Don’t you think this was an odd week news-wise? Some of the news weren’t big, some were, but I found the combination quite remarkable. At first the North Koreans make a nuclear test and the world stands there gaping and finds itself not really able to do anything against the madmen. One can only hope the Chinese get more real with the North Koreans and tell them to quit that shit.
Talking of quitting – then the Pope quits! I didn’t even know he could do a thing like that and no Pope has done it in 600 years. I’ve been Catholic once and feel still a little bit of an interest as to what the Catholics are doing. I know a lot of people are alienated by what Pope Benedict did, but I actually think he made a great move. Better a new Pope than a sick and suffering one who cannot function anymore and cope with his office. Respect that he did this astonishingly radical thing and quit.

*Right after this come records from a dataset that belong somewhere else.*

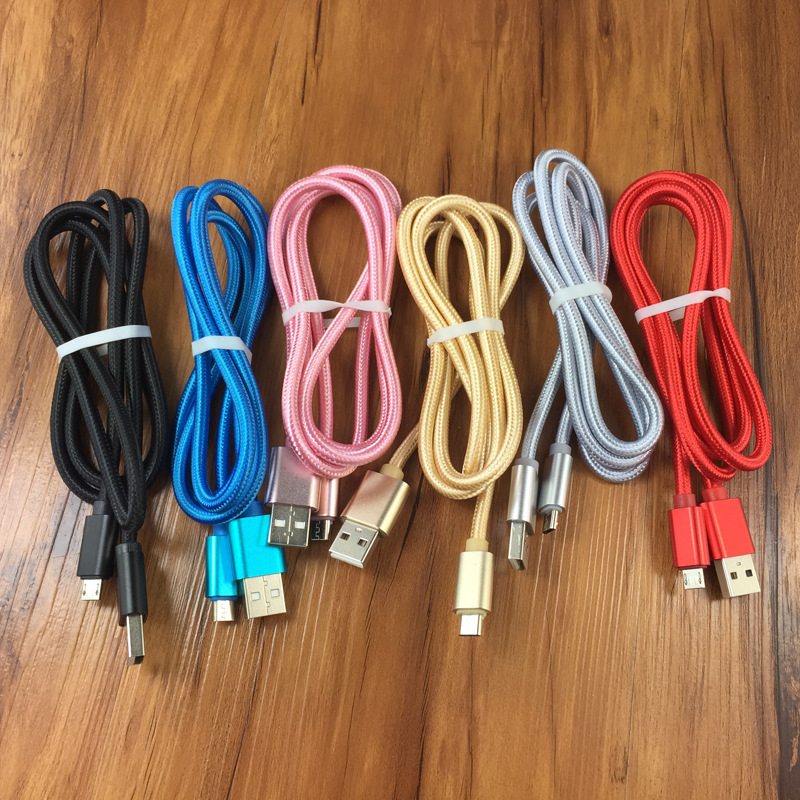 2.1A Metal Braid Type C USB Cables For Note 10 Micro USB Cable Charger Lead Android 1M 3FT 2M 6FT 3M 10FT
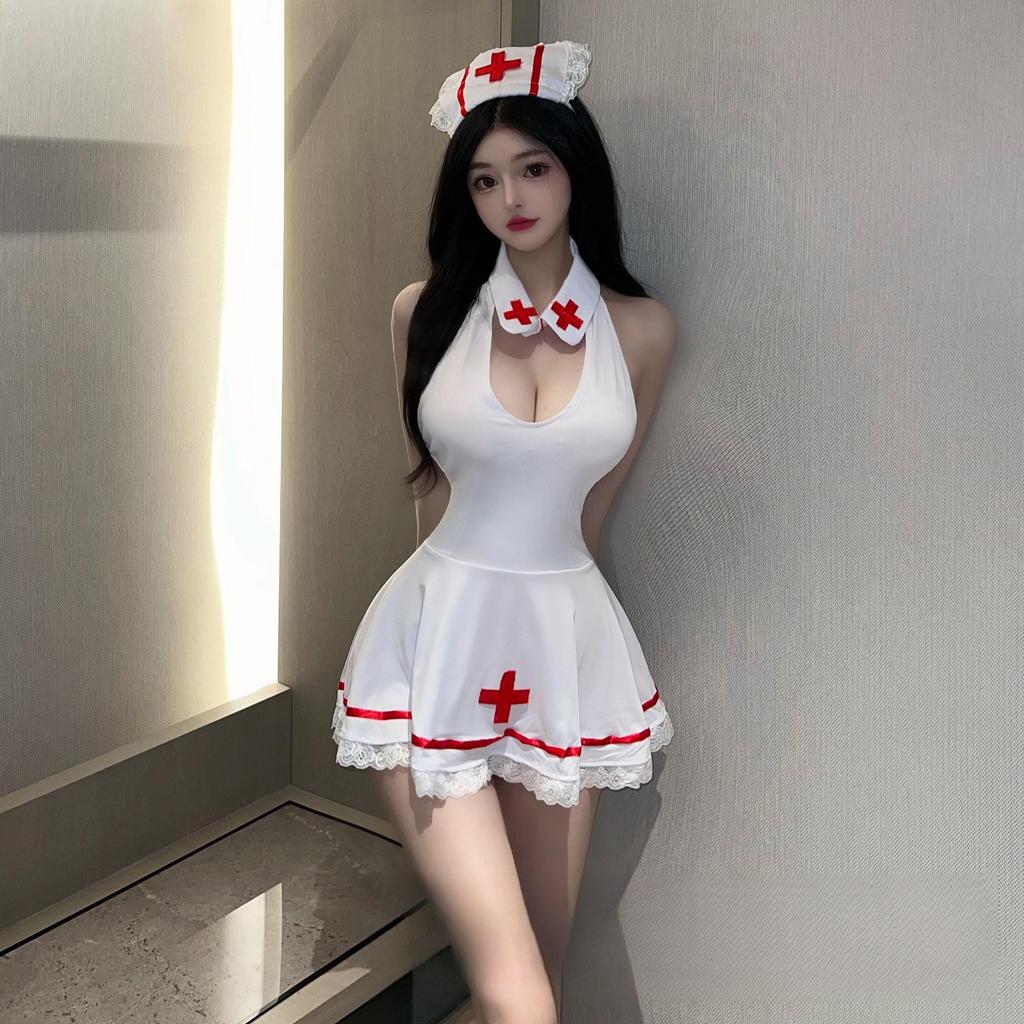 Seductive Japanese Cosplay Lingerie Set - Sexy Nurse Nightwear for Women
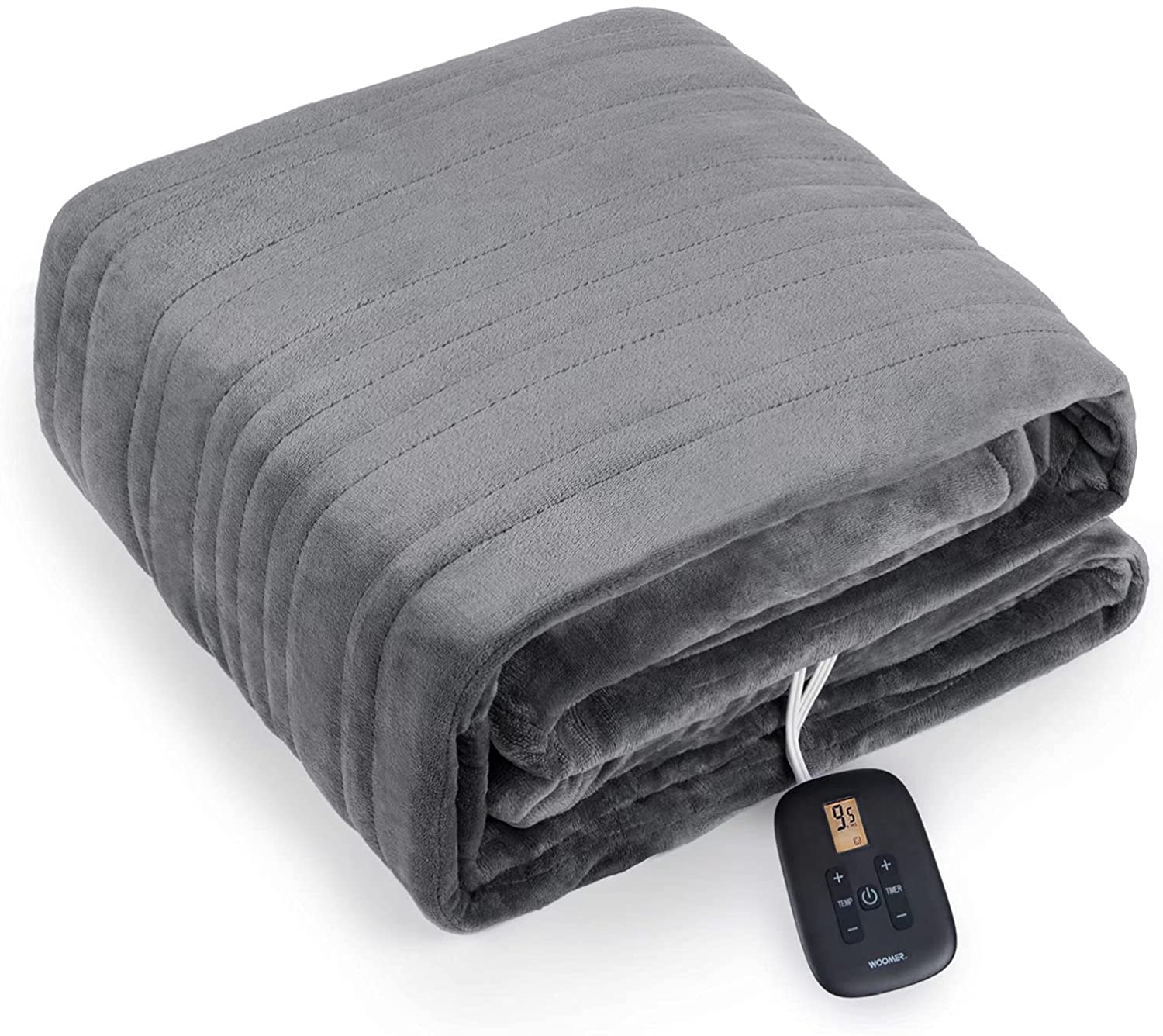 Flannel Sherpa Electric Heating Blanket in Gray, 62 x 84 Inches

Then the smaller news, yet another cruise ship in trouble from the same company as the Costa Concordia that sank last year, 4000 people trapped on the boat without power and overflowing toilets – yuk! Surely a trip to remember. I cannot help but wonder what would happen if something like that were to occur on the “70,000 Tons of Metal” tour. I am itching to attend that cruise one day, but imagine: some 2000 heavy metal fans and 40 bands trapped on a malfunctioning cruise ship. 😉 I guess the metal fans would simply continue with the giant party! But alas… no juice – no e-guitars – crap! 😉
Next, the “blade runner” – that South African Olympian – shoots his girlfriend, or at least seems to have shot his girlfriend and weeps his eyes out in the first court hearing. What the hell happened to the guy, at first a “hero” and now this?
And last but not least giant fireballs in the sky in Russia and countless broken windows due to a couple of meteorites that suddenly land in your front yard at 30 kilometers per second. Some of the footage of the fireball(s) is pretty awesome, though of course it was no fun for the more than 1000 people with glass splinters in their faces.
Quite a week, hu? Now what always gets to me is the fact that less than a hundred years ago the world wouldn’t know such news. The Tunguska event happened in 1908 and it was way bigger than what came down now in Chelyabinsk and I am rather sure the average dude in Europe or elsewhere at the time had no clue about it. I sometimes wonder whether it’s a blessing or a curse that we live in instant information age. Though admittedly, this week’s big and small events were all pretty darn interesting, even if some of them had freak-show character.